I generally don't use MySQL, but iirc it confirms that nothing went wrong saving the data (whereas with mongo there is no confirmation step, you just have to hope that it was successful), and the data is written to disk. Additionally, i've heard of zero "Oh no, MySQL just lost 50% of my production database!" where it wasn't the user's fault, and i've heard enough of that from Mongo to stay away.
Respectfully, this isn't true. Yes, fire and forget is the default behavior, but there is a confirmation step that you can check. It may be implemented a bit differently from driver to driver, but it is generally called a "safe insert". Numerous people use this to ensure their writes across single databases as well as multi-node master-slave and replica sets.

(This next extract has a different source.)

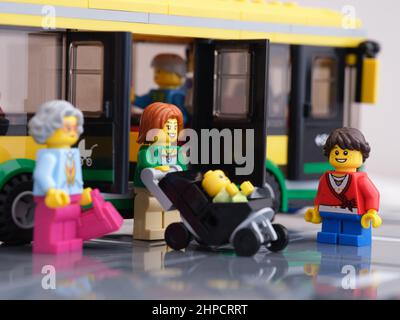 Tambov, Russian Federation - February 16, 2022 A Lego woman minifigure exiting from a bus with a stroller with a child in it while other Lego minifigu Stock Photo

Respectfully, this isn't true. Safe inserts are safer, but not safe. There could still be a problem writing the data to disk, and (My|Postgre)SQL just doesn't have this problem.
Assuming the changes that were introduced in MongoDB 1.8 for single-server durability, writes are being put to disk with journaling. So, the data is written to disk.
That doesn't actually guarantee the write was written to disk unless an fsync was issued. Of course that comes with a significant effect on MongoDB's famously marketed write performance.
Then in MongoDB's case durability is a function of scale, which leads back to the parent's suggestion that it is a technology optimized for performance.
Personally I think this is a bad foundation for data that is important. There are probably a lot of use cases where data not being on disk for n seconds (or one minute in the case of MongoDB) is ok.
Even when that is the case, I still think that is the most important question to be addressed when choosing MongoDB as a data store.
The flexible query API, schema-less document format, secondary indices... those are siren songs of rapid development.